Os tornados em Portugal são bem mais frequentes do que se julgava no passado, fica mais um registo. Felizmente não atingiu nenhuma povoação.


----------



## camrov8 (1 Out 2013 às 20:39)

podem é estar a chamar tornados a tudo que é vento mais forte.


----------



## AnDré (6 Out 2013 às 01:00)

Sobre este evento, parece ter sido algo semelhante ao que aconteceu em Montemor-o-Novo, nesse mesmo dia 27.

Tópico e intervenção do IPMA aqui!


----------



## camrov8 (6 Out 2013 às 17:26)

as pessoas esquecem que existem varios fenomenos ligados a ventos fortes, como microbursts, gustnados ou rajadas pelo diferencial termico e ou de pressão


----------



## DRC (6 Out 2013 às 19:12)

Segundo as pessoas que viram o fenómeno, era bem visível o funil.
Causou estragos em árvores e em estruturas mal fixas.
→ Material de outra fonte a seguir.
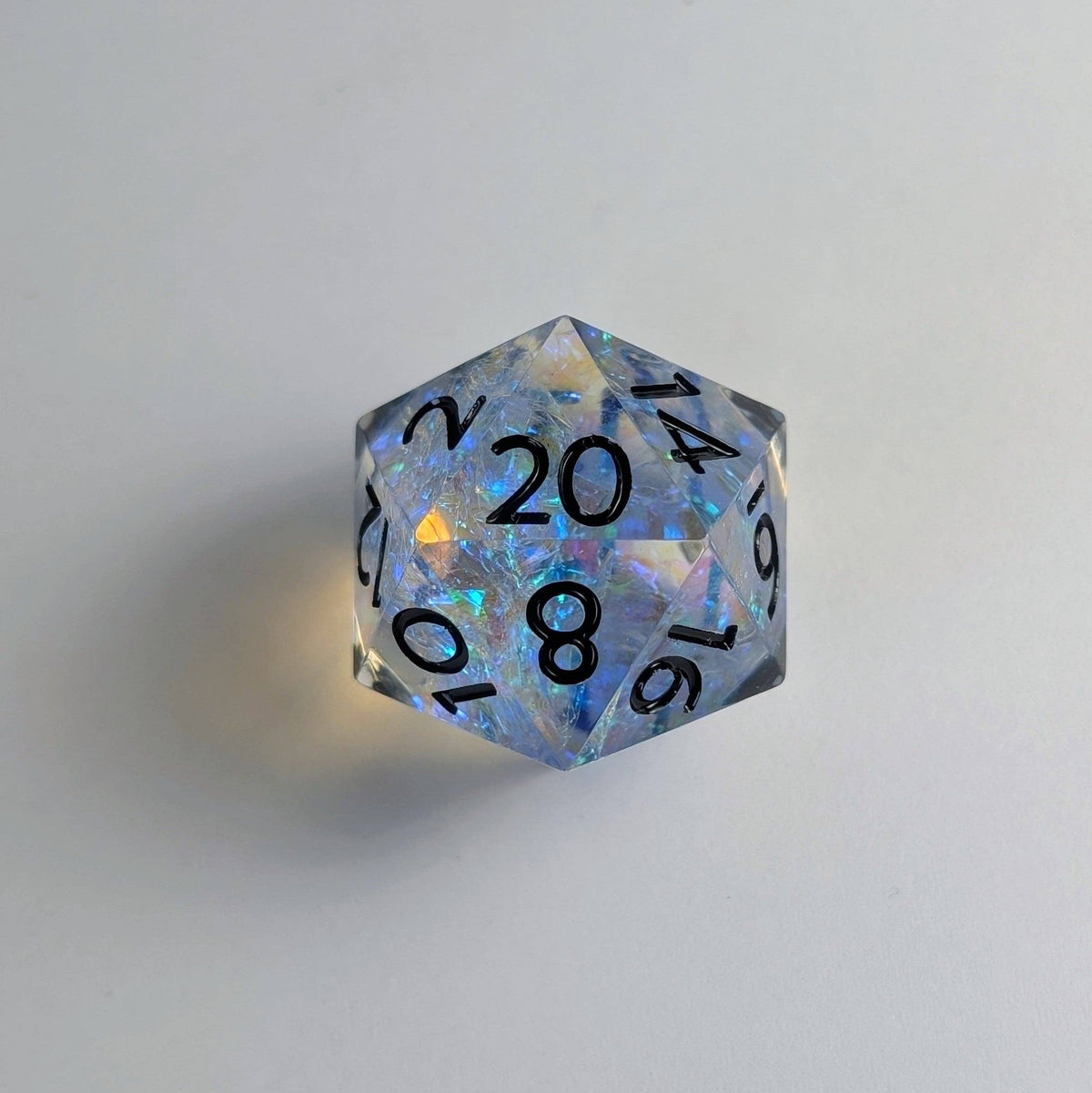 Eldritch Blaze 7-Piece Gyroid Dice Set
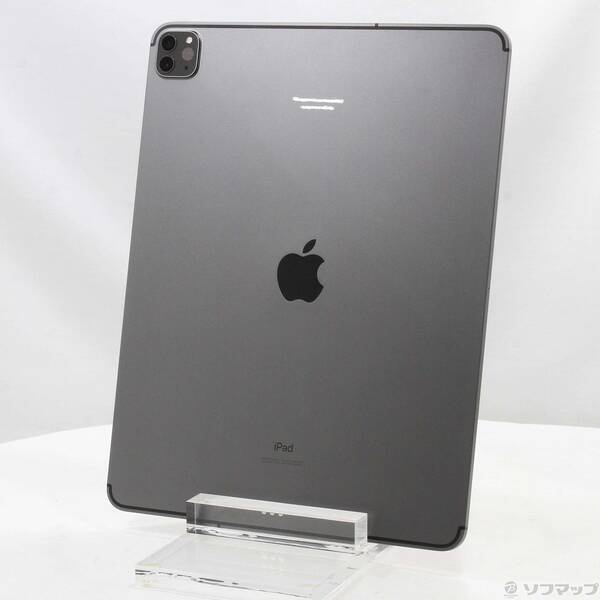 【中古】Apple(アップル) iPad Pro 12.9インチ 第4世代 256GB スペースグレイ MXF52J／A SIMフリー 【251-ud】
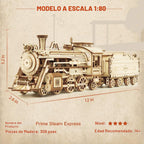ROKR Kits de modelos de coche de madera 3D rompecabezas de construcción de modelos para adultos para construir, modelo educativo de ensamblaje, decoración de escritorio/pasatiempos de bricolaje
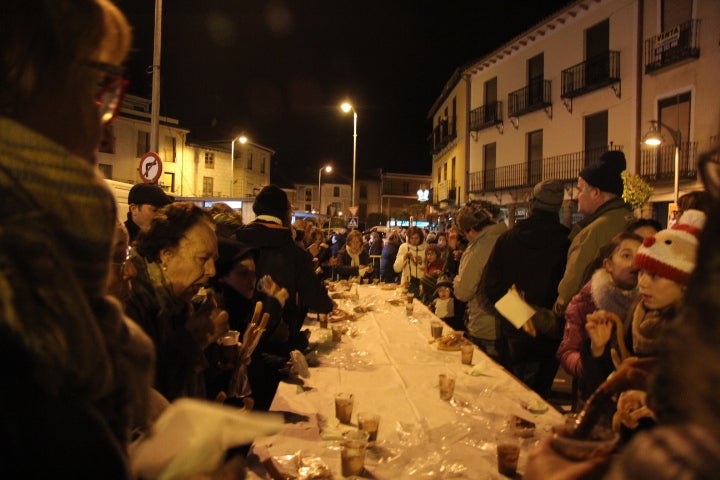 Celebración del día de la patrona de la Tierra de Arévalo, Nuestra Señora de las Angustias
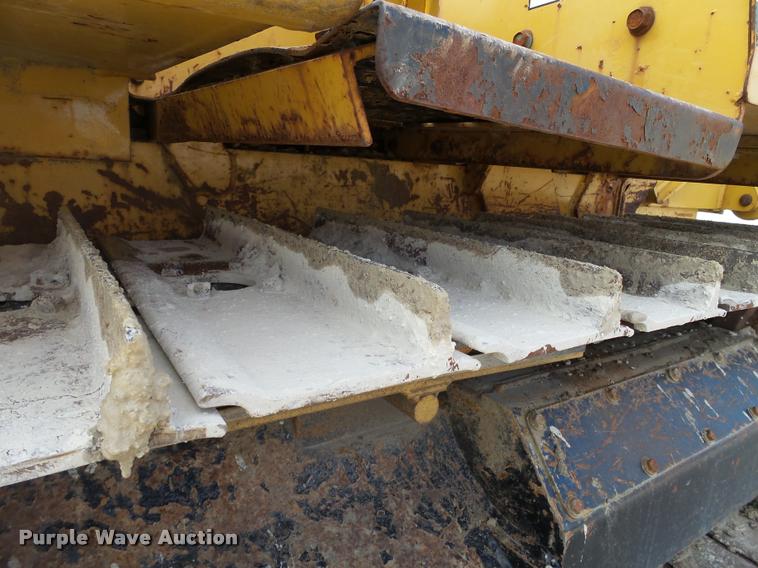 image for item DB5421 2001 Vermeer Flex Trak 75 trencher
Ocorreu numa zona da freguesia conhecida por Ressundoiro.


----------



## jdc (7 Out 2013 às 12:25)

Em parte e compreensível a atitude do IPMA em relação a categoria dos factos, e digo isto porque, só o nome Tornado impõe muito mais respeito que microburst, downburst e outros da mesma família, e se não se consegue ter a certeza absoluta não se deve atribuir, isto porque existem outras implicações, nomeadamente os prêmios de seguros aumentam porque o risco supostamente e maior.


----------